Using wireless sensor nodes and machine learning
By Gota Morota and Sook S. Ha
According to the United Nations, the global population is estimated to reach 9 billion by 2050. To meet the growing demand for food, animal agriculture has been intensified over the past several decades.
Production efficiency is achieved by frequent visits to farms or manual reviews of recorded videos to monitor adverse behaviors in pigs. However, these approaches can be subjective and laborious. Further, pigs are social animals and are managed increasingly as large groups. Careful monitoring of individual pigs is even more challenging.
We developed a wireless sensor node (WSN) system for monitoring pigs. The WSN attached to a pig senses acceleration and angular velocity in three axes, and wirelessly transmits the sensed data to a nearby personal computer (PC). The PC uploads the data to a cloud server for the classification of pig behaviors.
The sensor node is placed inside a plastic box and then attached to the pig’s back using a harness. There is a space between the harness and the pigskin, so that the pig would not be annoyed to behave naturally. One camera is mounted at the ceiling, and the other at the side of the pigpen. The video recordings provide ground truth for data analysis. Figure 1 shows the sensor node attached to the pig.
We collected data from four pigs of different sizes and ages for 131 hours over two months. We reviewed the video recordings for 13 hours after the first two days of data collection and classified pigs’ behaviors into seven different behaviors: eating, lying, walking, standing, playing, drinking and sitting. When a pig was out of sight, it was labeled as “unknown.”

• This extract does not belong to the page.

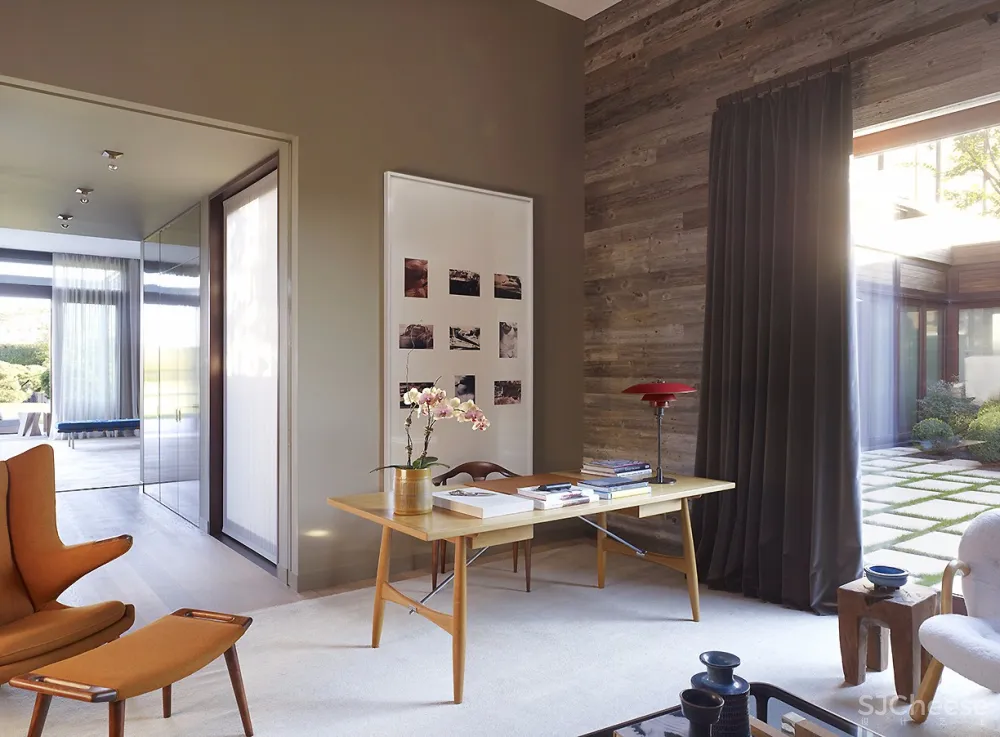 Fox Nahem | 经典现代的精致内饰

Among the seven behaviors, eating and lying activities are the majority with 83%, while drinking and sitting only accounted for 0.73 %. We excluded rare behaviors, such as sitting and drinking as well as unknown ones from the analysis.
We preprocessed the collected dataset to remove outliers, interpolation and standardization. Then, we extracted 224 features from the preprocessed data in time and frequency domains. To evaluate the performance of classification algorithms, we split the dataset into two subsets, 70% of the dataset for training and 30% for testing.

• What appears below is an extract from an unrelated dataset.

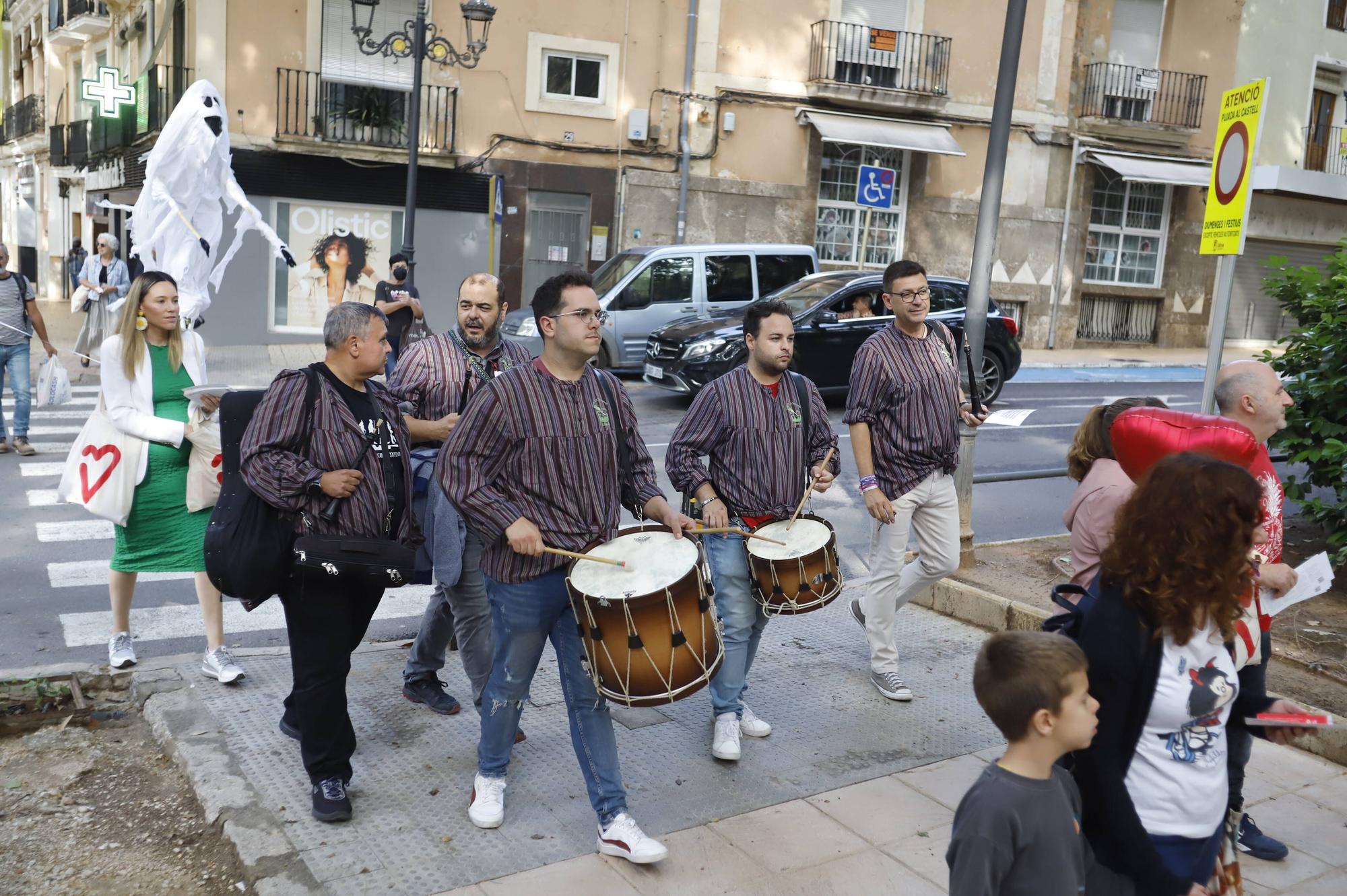 Fin de campaña de Xàtiva Unida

We selected five classification algorithms under various window sizes: support vector machine, k-nearest neighbor, decision tree, naive Bayes and random forest (RF).
The RF algorithm achieved the highest F1 score for four major behaviors consisting of 92.36% in total. The F1 scores of the RF algorithm were 0.98, 0.99, 0.93 and 0.91 for eating, lying, walking and standing, respectively. The optimal window size was 7 seconds for the first two behaviors and 3 seconds for the remaining two.
Analysis of pig behaviors provides great insight into animal welfare and health. Our system demonstrates that automatic, continuous and remote behavior monitoring of pigs is feasible, which can improve the production efficiency in the swine industry.
Morota is an associate professor of quantitative genetics in the School of Animal Sciences and Ha is an assistant professor in the Department of Electrical and Computer Engineering, both at the Virginia Polytechnic Institute and State University.